■ **Exercise**
From the entries below, transcribe exactly the lines between the line holding "All Day Rethymno" and the line holding "Горный велосипед HILAND, 26, 27,5, 29", inclusive; skip all other lines.

■ **Entries shown**

↓

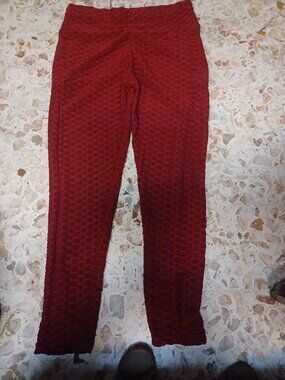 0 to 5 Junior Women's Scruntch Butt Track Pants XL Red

↑
↓

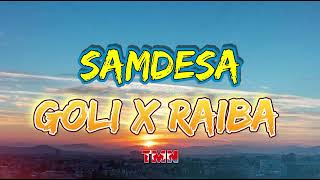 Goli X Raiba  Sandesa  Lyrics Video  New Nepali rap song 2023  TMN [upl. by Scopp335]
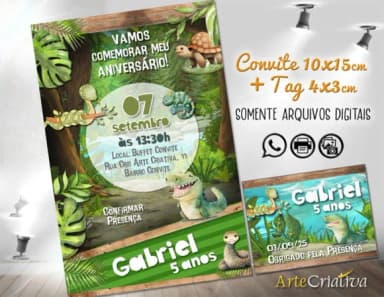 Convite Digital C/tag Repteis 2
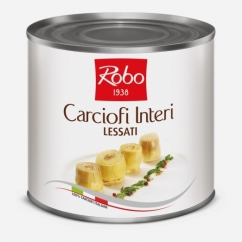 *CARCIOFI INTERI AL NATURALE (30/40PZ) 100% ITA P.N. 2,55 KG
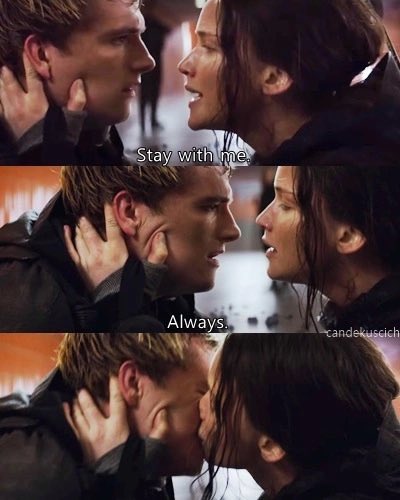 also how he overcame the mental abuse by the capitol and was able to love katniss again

↑
↓

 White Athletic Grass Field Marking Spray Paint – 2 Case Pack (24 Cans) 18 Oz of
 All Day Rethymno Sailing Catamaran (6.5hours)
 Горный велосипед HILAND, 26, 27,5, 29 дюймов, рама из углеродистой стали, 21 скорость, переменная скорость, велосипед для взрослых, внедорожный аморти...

↑

■ **Task answer**
 All Day Rethymno Sailing Catamaran (6.5hours)
 Горный велосипед HILAND, 26, 27,5, 29 дюймов, рама из углеродистой стали, 21 скорость, переменная скорость, велосипед для взрослых, внедорожный аморти...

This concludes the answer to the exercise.